In the hunt? BaseballHQ.com can help you snag the title. Unlock all of our insights like these for the rest of the season:  Subscribe to BaseballHQ.com.


 

Refresher on Matchup Score methodology

The header on our Matchup Scores page explains our methodology pretty succinctly:

We calculate a pitcher's individual Matchup Score for a single start by first calculating an individual score representing his potential performance for each rotisserie category, and then rolling those into an overall rating for the day's start. 

This rating assesses each starter's outlook on a given day, taking into account the pitcher’s inherent ability, recent performance, strength of defense, ballpark, and the opposition’s offense's recent history.

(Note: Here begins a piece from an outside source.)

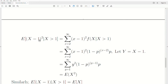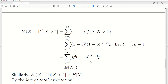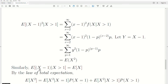Now consider E[(X-1)² | X>1]. We take (X-1)² times the conditional density, summed over all values. Plugging in the density and letting Y = X minus 1, the series becomes equivalent to E[X²]. Similarly, E[X-1 | X>1] equals E[X]. These two results are the key preliminary steps we'll use in the variance derivation.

For a deep dive into the guts of the calculation, you can review the original 2017 research piece from Arik Florimonte, as well as the rationale for the adjustment we made in 2020.

 

Previous validations of the Matchup Scores formula

We have done two similar validations of these scores, most recently in 2021, and prior to that, after their first half-season of availability in 2018. Both of those exercises were done mid-season, as is today's… which means there is still room for a full-season study that might address the possibility that the scores are more or less accurate at different points in the season. We'll put that on our to-do list.

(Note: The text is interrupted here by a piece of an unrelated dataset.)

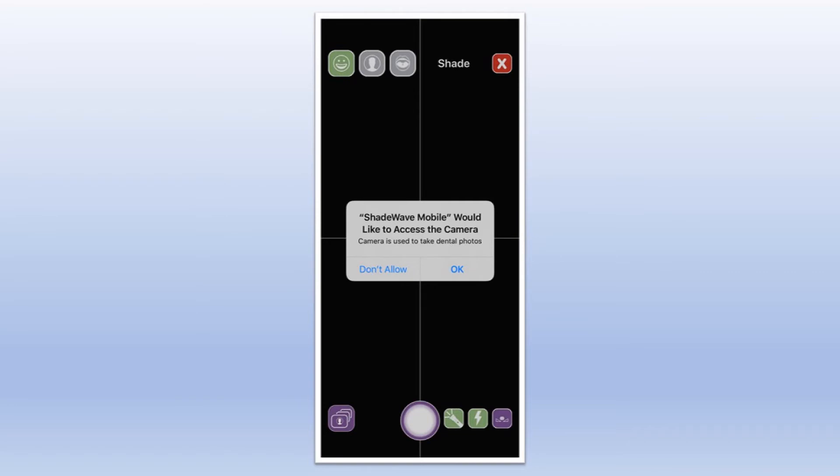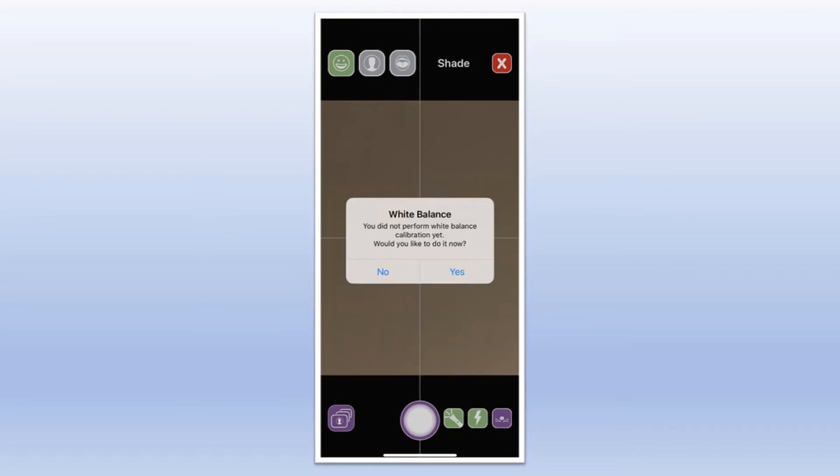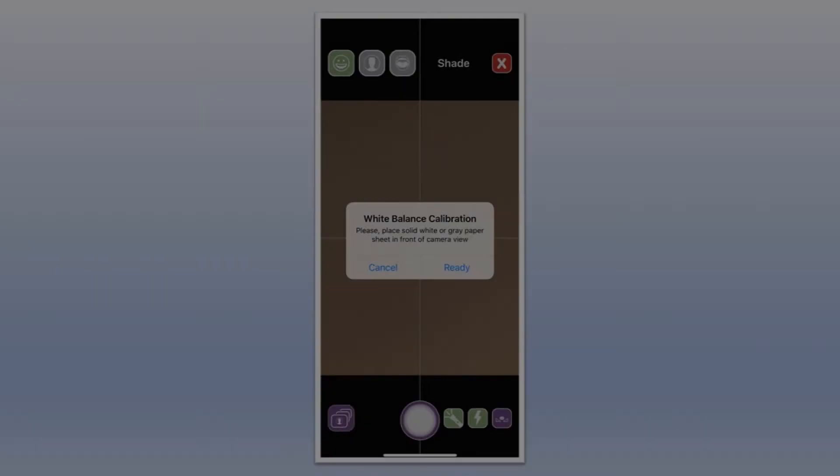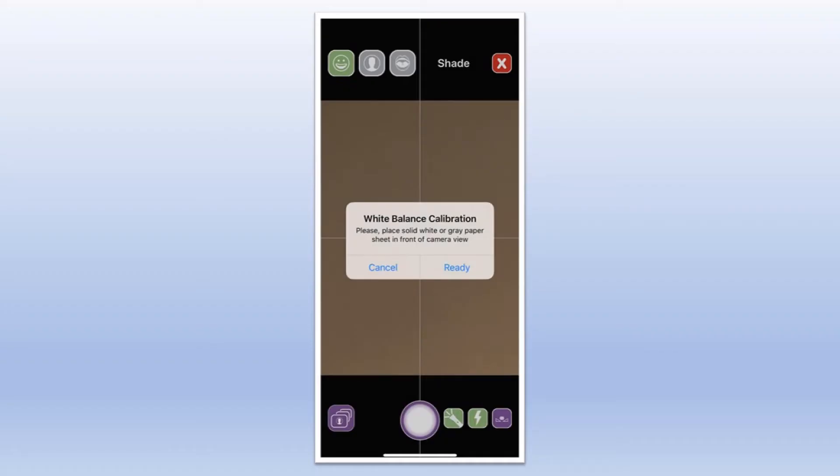You should be live now. Next, allow ShadeWave to access your camera, and finally say yes to white balance and follow the procedure.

Today's approach deploys the same tools as in those previous validations. We'll compare the pre-game Matchup Scores to the post-game PQS logs, as well as to DraftKings' point total for each start.

Why PQS? Pure Quality Starts are our long-time shorthand metric for evaluating the quality of each pitcher's start based on the skills displayed, rather than the outcome in terms of earned runs. It just makes too much sense to validate our pre-start metric against our post-start metric.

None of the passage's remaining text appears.